=== INPUT MATERIAL ===

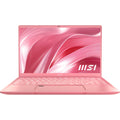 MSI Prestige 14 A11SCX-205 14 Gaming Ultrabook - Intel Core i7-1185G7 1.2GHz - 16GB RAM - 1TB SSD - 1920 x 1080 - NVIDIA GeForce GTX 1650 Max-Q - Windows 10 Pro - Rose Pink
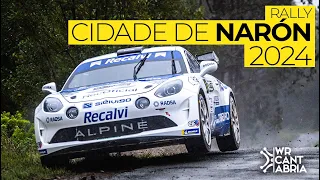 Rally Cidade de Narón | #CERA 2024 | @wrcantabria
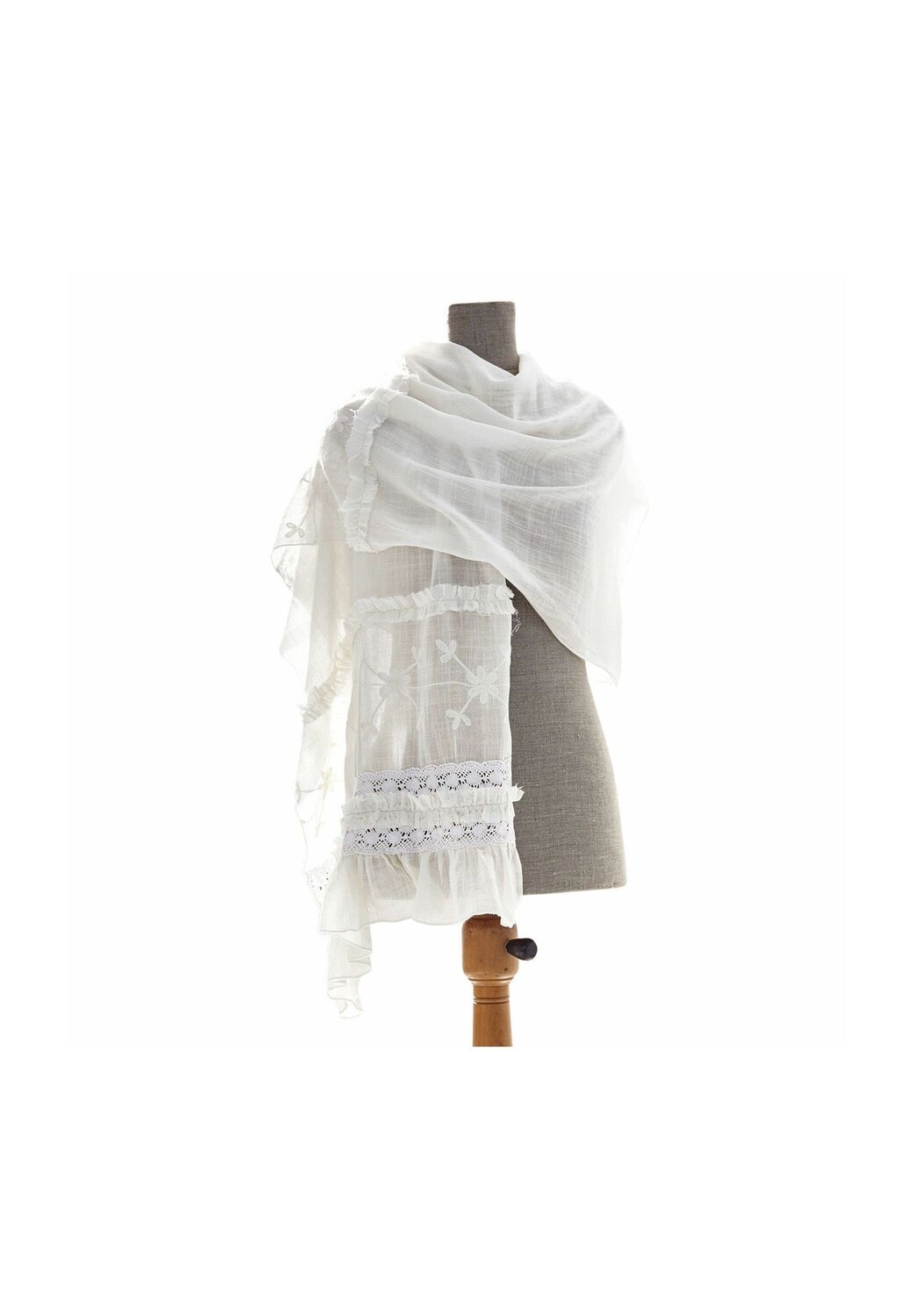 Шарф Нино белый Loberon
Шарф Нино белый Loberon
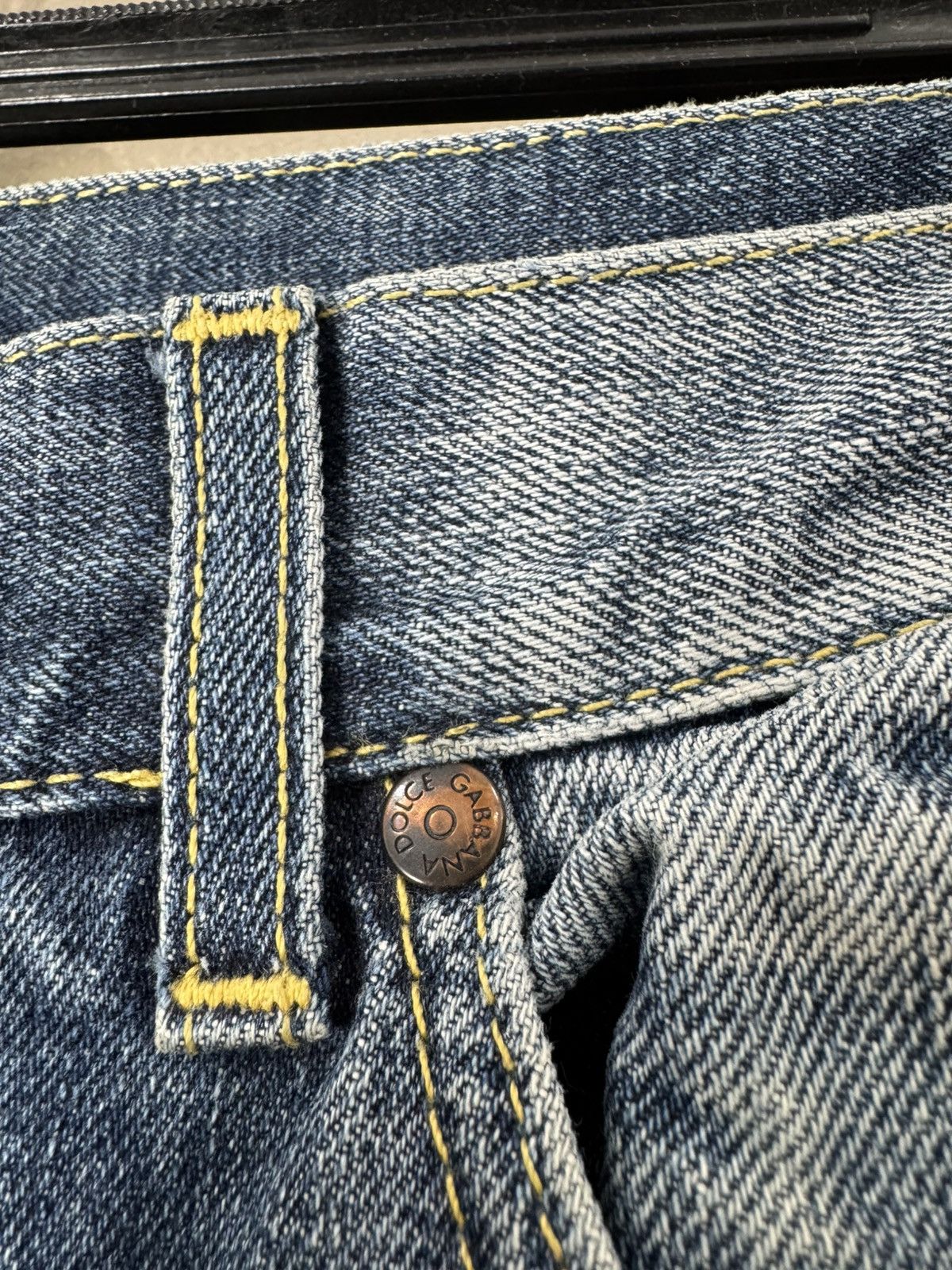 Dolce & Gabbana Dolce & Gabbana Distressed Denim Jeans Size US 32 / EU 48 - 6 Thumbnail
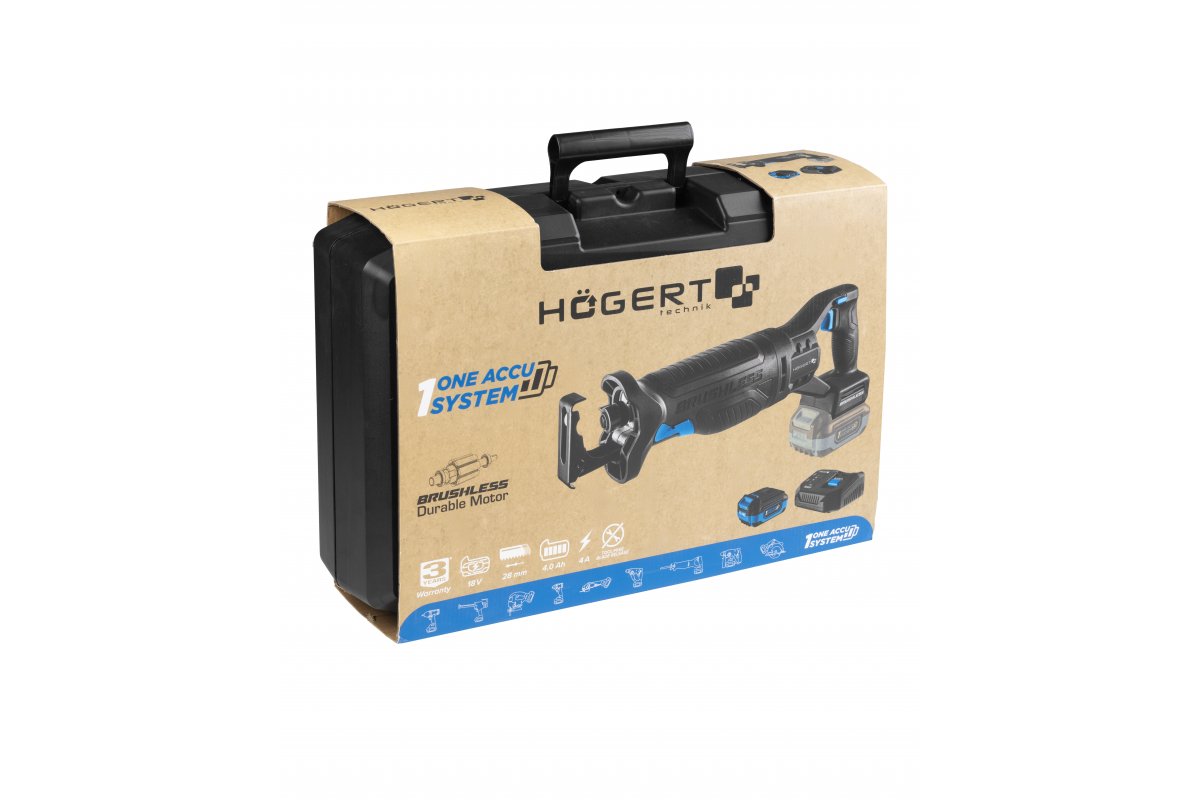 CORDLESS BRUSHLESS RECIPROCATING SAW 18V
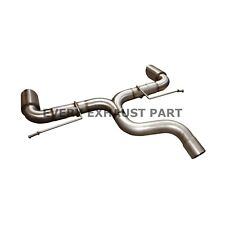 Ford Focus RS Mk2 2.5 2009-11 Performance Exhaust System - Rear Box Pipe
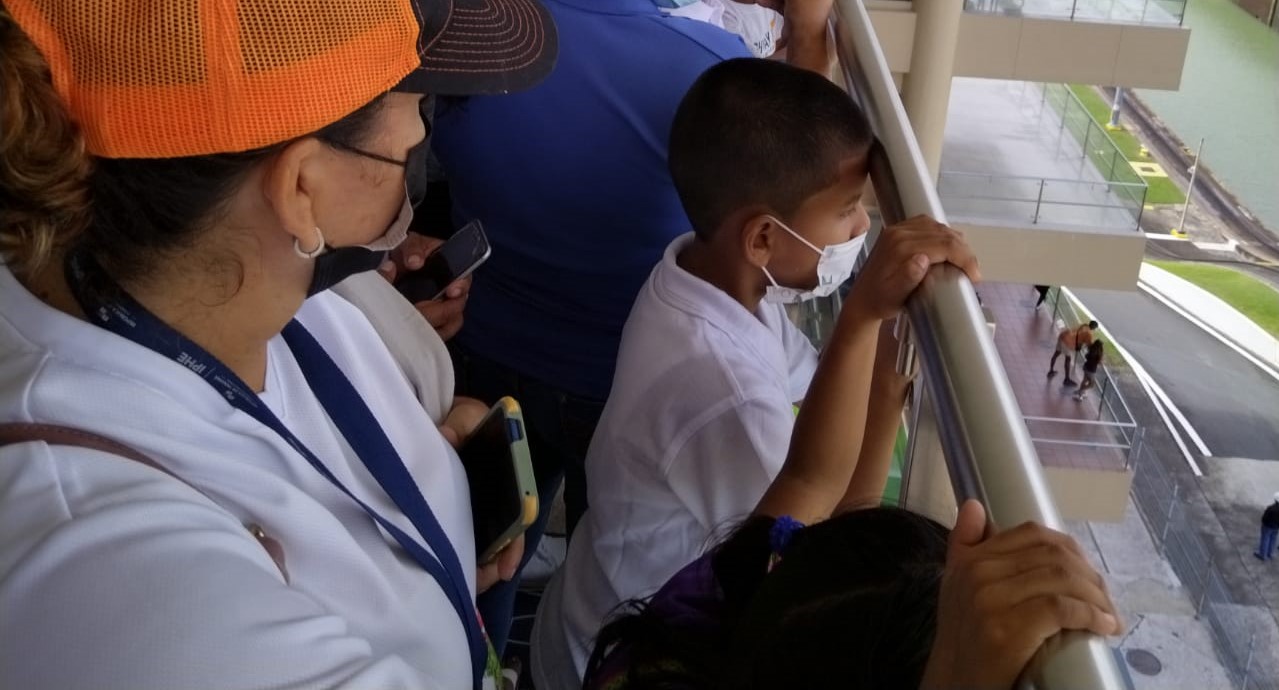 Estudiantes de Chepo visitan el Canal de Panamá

===

» WHAT THE TASK ASKS: Reproduce the preceding material exactly, skipping pictures.

» RESPONSE TO THIS TASK:
 MSI Prestige 14 A11SCX-205 14 Gaming Ultrabook - Intel Core i7-1185G7 1.2GHz - 16GB RAM - 1TB SSD - 1920 x 1080 - NVIDIA GeForce GTX 1650 Max-Q - Windows 10 Pro - Rose Pink
 Rally Cidade de Narón | #CERA 2024 | @wrcantabria
 Шарф Нино белый Loberon
Шарф Нино белый Loberon
 Dolce & Gabbana Dolce & Gabbana Distressed Denim Jeans Size US 32 / EU 48 - 6 Thumbnail
 CORDLESS BRUSHLESS RECIPROCATING SAW 18V
 Ford Focus RS Mk2 2.5 2009-11 Performance Exhaust System - Rear Box Pipe
 Estudiantes de Chepo visitan el Canal de Panamá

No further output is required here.